Weingreen Museum of Biblical Antiquities
- Established: 1977
- Location: Arts and Social Sciences Building, Trinity College, Dublin
- Coordinates: 53°20′36″N 6°15′26″W﻿ / ﻿53.34326°N 6.25710°W
- Curator: Zuleika Rodgers (2016)
- Website: www.tcd.ie/Religions_Theology/weingreenmuseum

= Weingreen Museum of Biblical Antiquities =

Museum at Trinity College, Dublin

The Weingreen Museum of Biblical Antiquities is located in the Arts and Social Sciences Building, in Trinity College, Dublin. It received its present title in 1977 in recognition of Professor Jacob Weingreen's contribution to the creation of the museum.

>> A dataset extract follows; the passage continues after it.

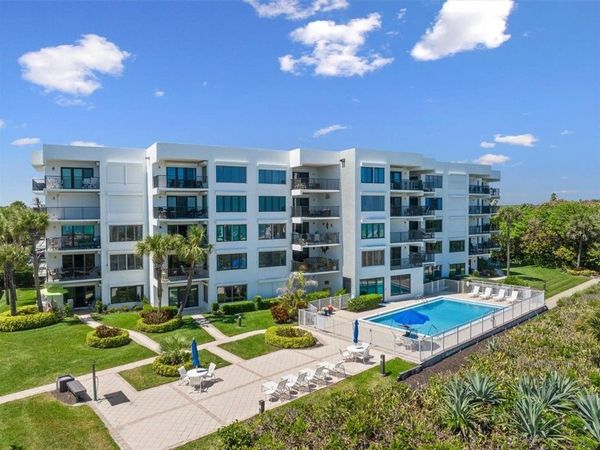 1700 Ocean Drive, Unit 202V, Vero Beach, FL 32963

Professor Weingreen was Erasmus Smith's Professor of Hebrew at Trinity College Dublin between 1939 and 1979.

The museum consists mainly of pottery and other artefacts from the Ancient Near East. The nucleus of the museum's collection is constituted by artifacts from the excavations of four Biblical cities in Palestine, Israel, and Jordan: Lachish (Director: J.L. Starkey, 1932–1938), Jericho (Kathleen Kenyon 1952–1959), Jerusalem (Kathleen Kenyon, 1961–1967) and Buseirah (Crystal Bennett, 1971–1975). It holds over 2000 objects. It is curated by Zuleika Rodgers, and is available to view by appointment only, though it is being digitised for online viewing.